• [Task prompt]:
Here the job is to print all of the entries below verbatim and leave out any picture.

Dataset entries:
──────────
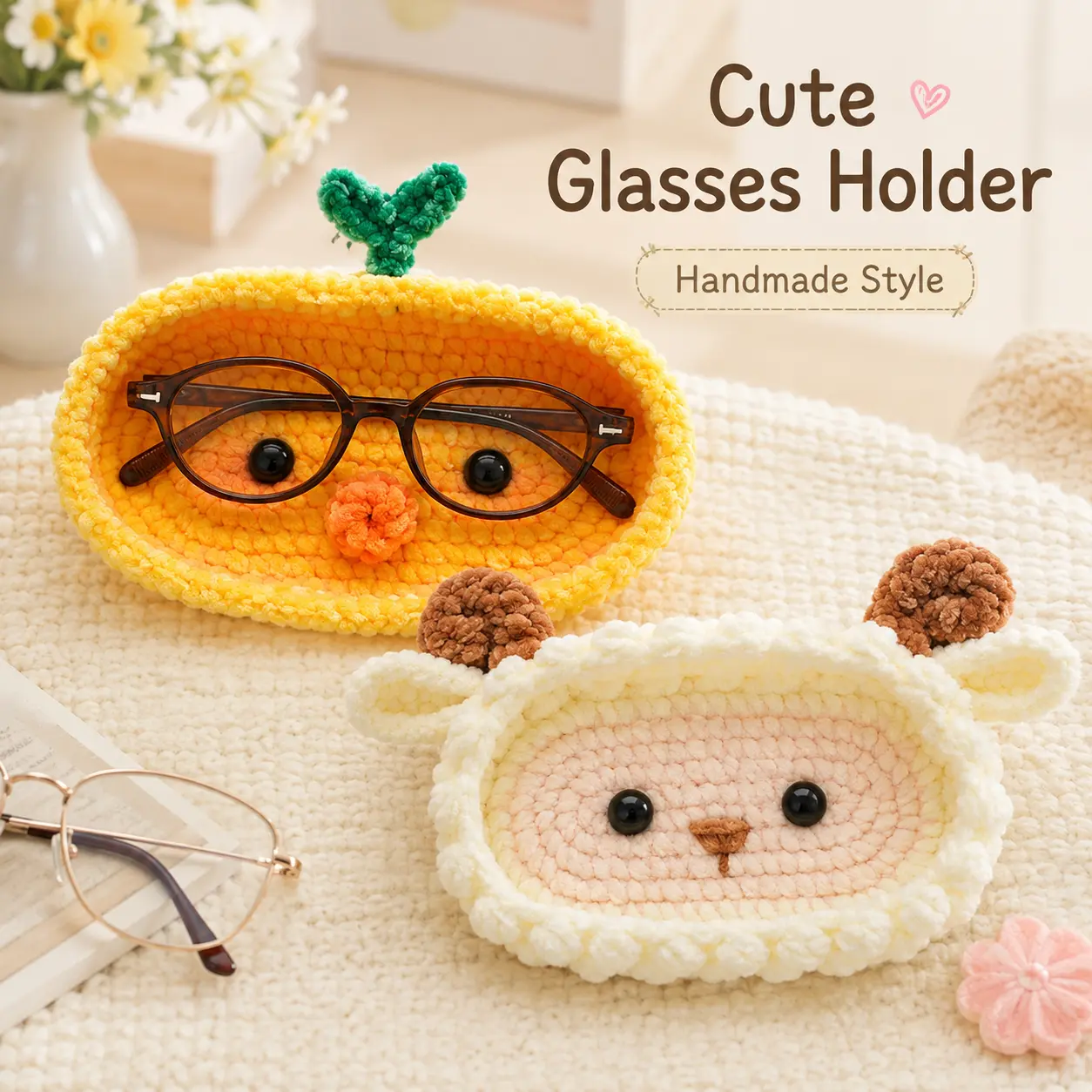 Glasses Holder - Handmade Crochet Animal Eyeglass Stand Tray with Soft Chenille Plush Yarn, Cute Scratch-Free Desktop Sunglasses Dish for Bedside Nightstand, Office Desk, Vanity & Home Decor, Aesthetic Cute Gift for Her, Kids, Teens & Readers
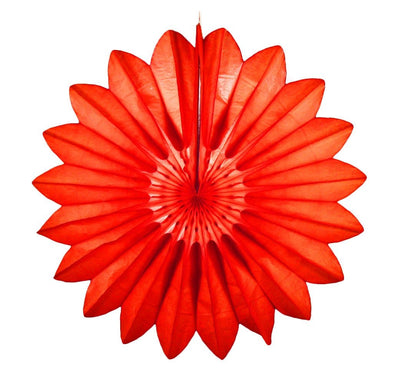 27" Flame Red Tissue Paper Fan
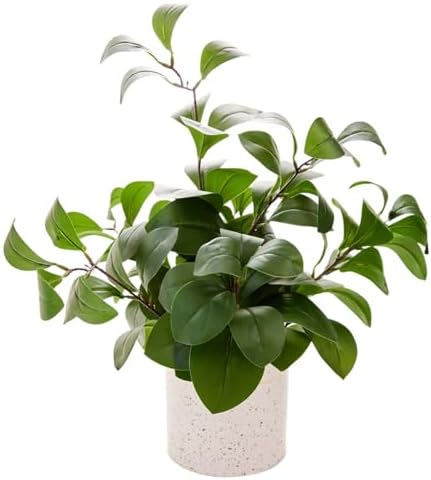 AlphaAcc Fake Plants Greenery Ficus Leaf Artificial Plant Indoor Bathroom Potted Faux Plant Decor with White Marble Planter for Kitchen Counter Bedroom Office Coffee Table Decoration by AlphaAcc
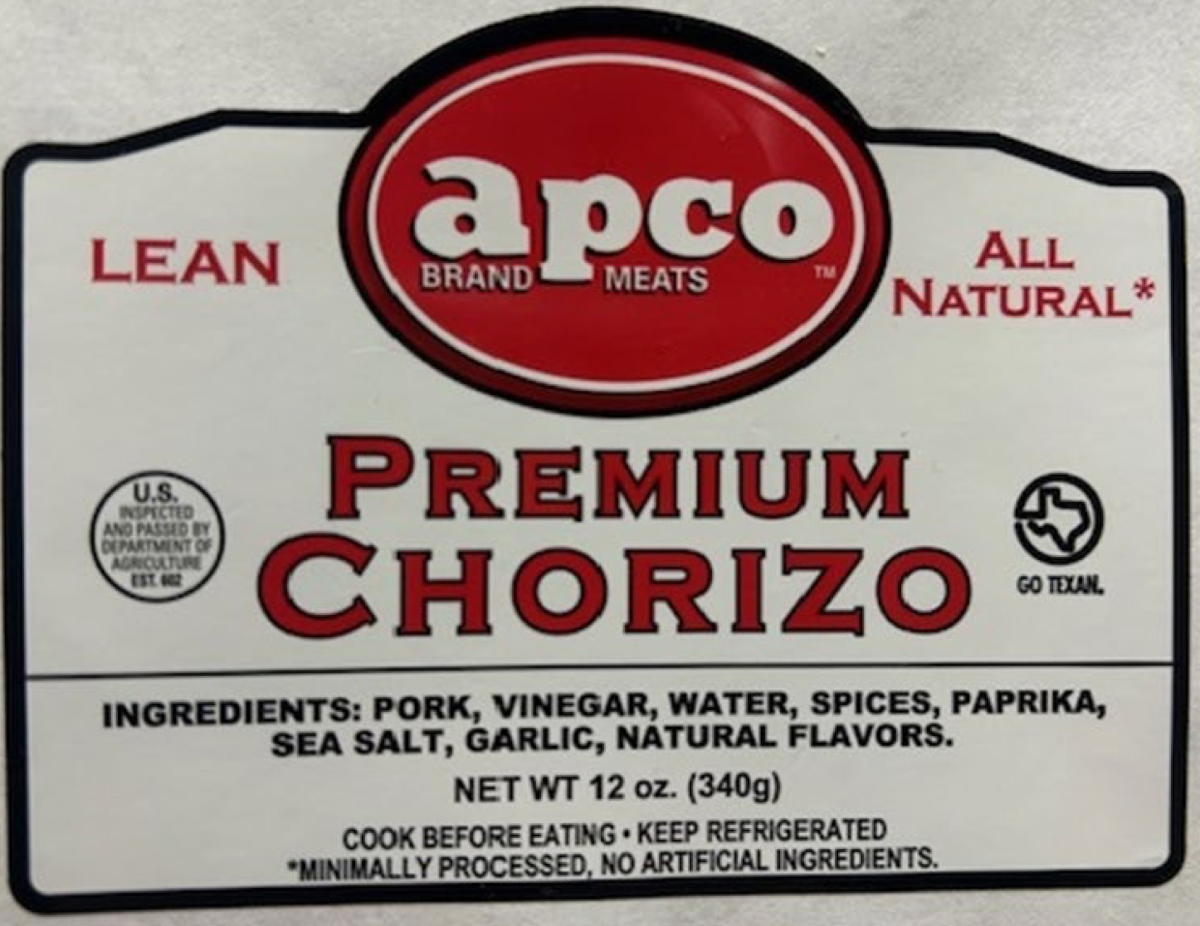 recall pork chorizo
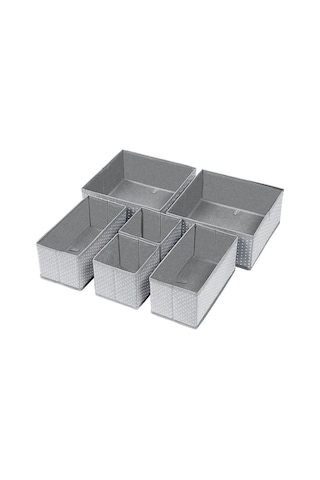 Serstil 6'lı Çekmece Içi Düzenleyici Organizer Set - Çok Amaçlı Dolap Içi Kutu Seti - Gri Benekli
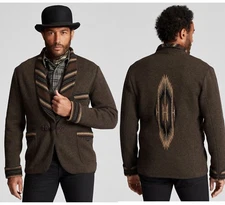 RRL Ralph Lauren Shawl Sweater Smoking Jacket Southwestern Sz M knit Brown wool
──────────
• [Solution to the problem]:
 Glasses Holder - Handmade Crochet Animal Eyeglass Stand Tray with Soft Chenille Plush Yarn, Cute Scratch-Free Desktop Sunglasses Dish for Bedside Nightstand, Office Desk, Vanity & Home Decor, Aesthetic Cute Gift for Her, Kids, Teens & Readers
 27" Flame Red Tissue Paper Fan
 AlphaAcc Fake Plants Greenery Ficus Leaf Artificial Plant Indoor Bathroom Potted Faux Plant Decor with White Marble Planter for Kitchen Counter Bedroom Office Coffee Table Decoration by AlphaAcc
 recall pork chorizo
 Serstil 6'lı Çekmece Içi Düzenleyici Organizer Set - Çok Amaçlı Dolap Içi Kutu Seti - Gri Benekli
 RRL Ralph Lauren Shawl Sweater Smoking Jacket Southwestern Sz M knit Brown wool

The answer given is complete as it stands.